Caption-style text data
========================

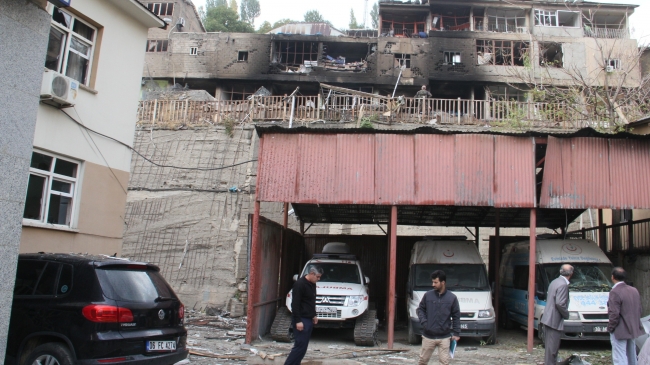 Şemdinli'de PKK bombası hastaneyi harabeye çevirdi 11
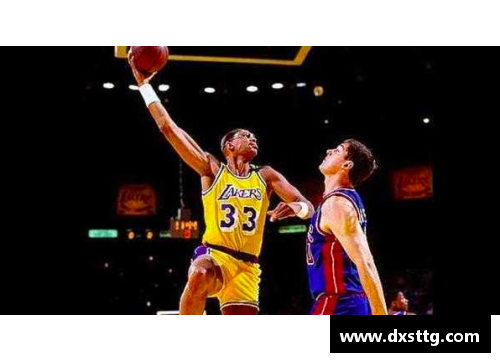 彩神v8官网NBA篮球巨星们的全方位展示与比拼 - 副本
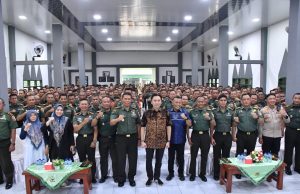 Ibas Tinjau Langsung Makan Bergizi Gratis di Kodim Ponorogo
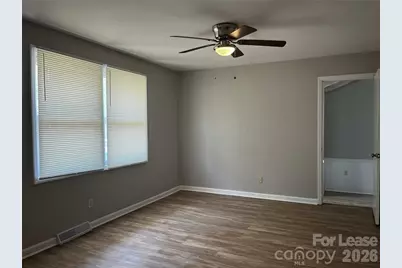 2213 Shamrock Drive, Charlotte, NC 28205 - Photo 3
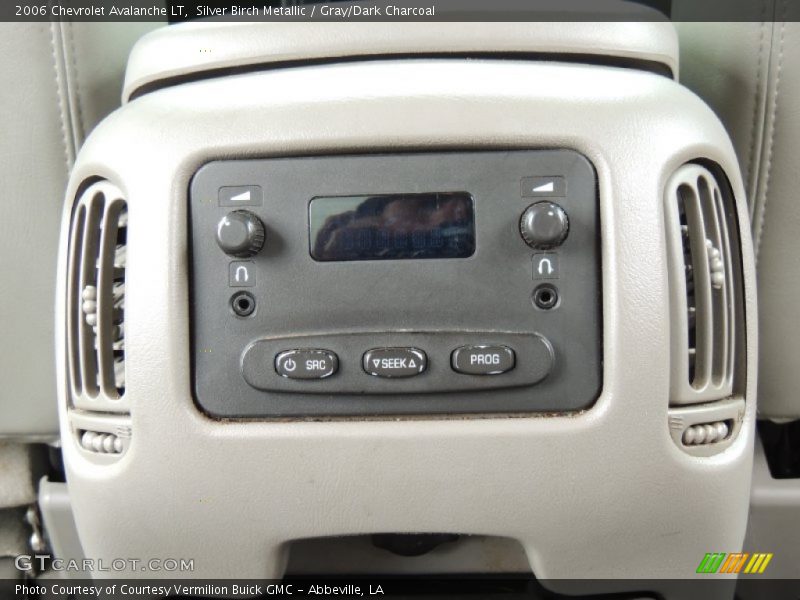 Silver Birch Metallic / Gray/Dark Charcoal 2006 Chevrolet Avalanche LT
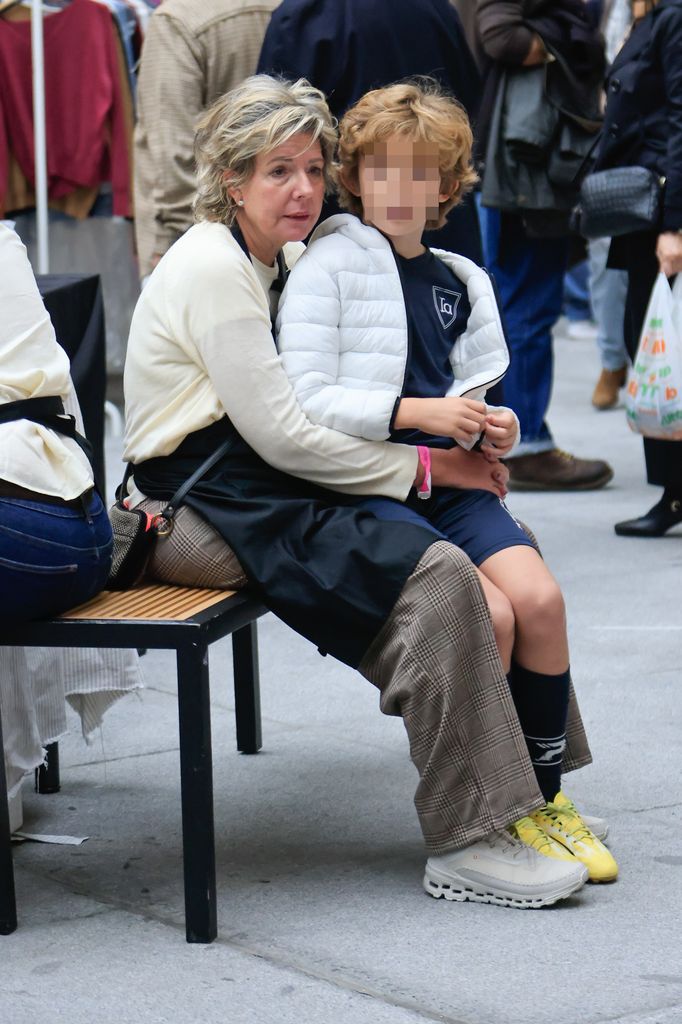 Simoneta Gómez-Acebo en el Rastrillo Nuevo Futuro con su sobrino en brazos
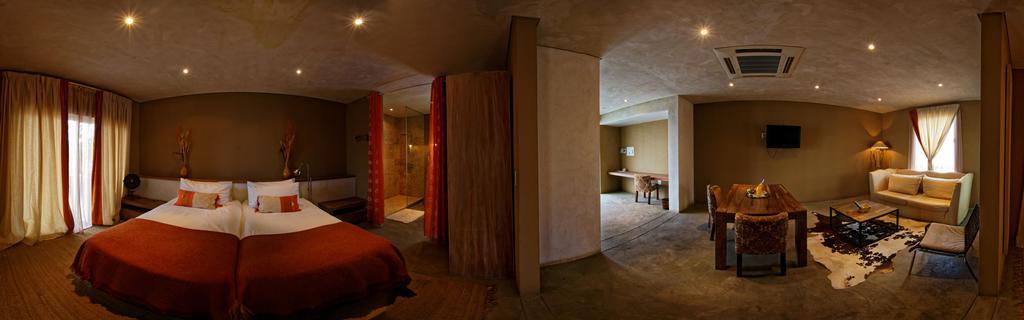 The Village Courtyard Suites & Executive Apartment วินด์ฮุก ภายนอก รูปภาพ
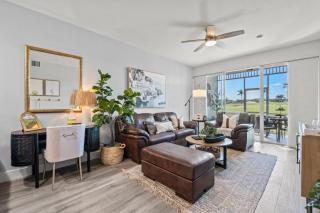 Serene Naples Retreat: Golf-Resort Pool-Tennis-Gym - 1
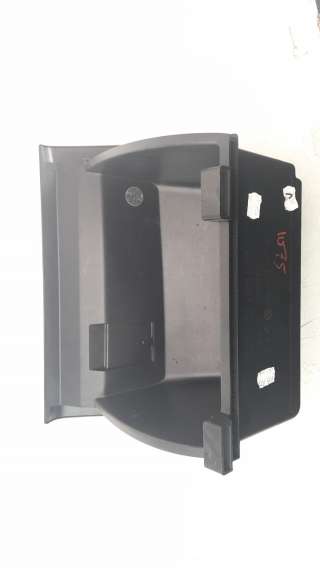 Recambio de guantera para renault kadjar 2015- 1.5 dci diesel fap energy referencia OEM IAM 682526225R  
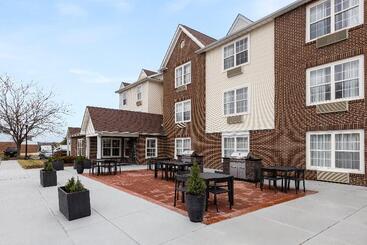 هتل Candlewood Suites St Louis St Charles By Ihg
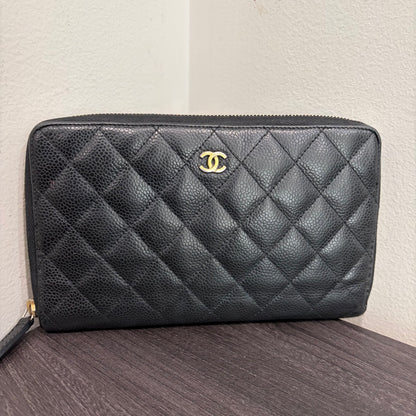 #3235 CHANEL 2014-2015 Black Zip Wallet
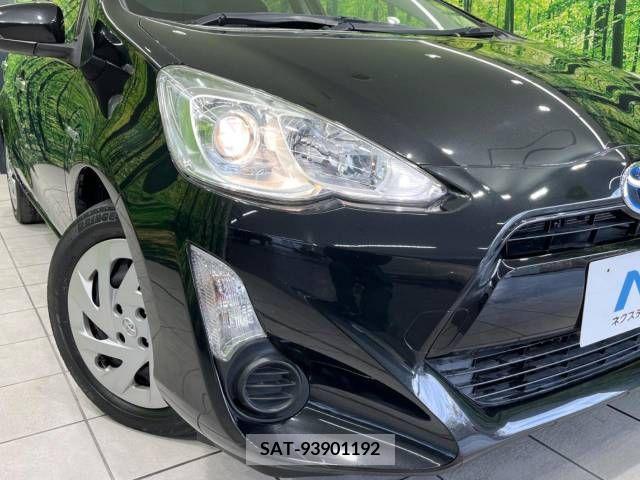Toyota AQUA 2017-03 204643-12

========================

_Exercise requirements_: Retype every record above word for word, leaving out any pictures.

_Solution to the problem_:
 Şemdinli'de PKK bombası hastaneyi harabeye çevirdi 11
 彩神v8官网NBA篮球巨星们的全方位展示与比拼 - 副本
 Ibas Tinjau Langsung Makan Bergizi Gratis di Kodim Ponorogo
 2213 Shamrock Drive, Charlotte, NC 28205 - Photo 3
 Silver Birch Metallic / Gray/Dark Charcoal 2006 Chevrolet Avalanche LT
 Simoneta Gómez-Acebo en el Rastrillo Nuevo Futuro con su sobrino en brazos
 The Village Courtyard Suites & Executive Apartment วินด์ฮุก ภายนอก รูปภาพ
 Serene Naples Retreat: Golf-Resort Pool-Tennis-Gym - 1
 Recambio de guantera para renault kadjar 2015- 1.5 dci diesel fap energy referencia OEM IAM 682526225R  
 هتل Candlewood Suites St Louis St Charles By Ihg
 #3235 CHANEL 2014-2015 Black Zip Wallet
Toyota AQUA 2017-03 204643-12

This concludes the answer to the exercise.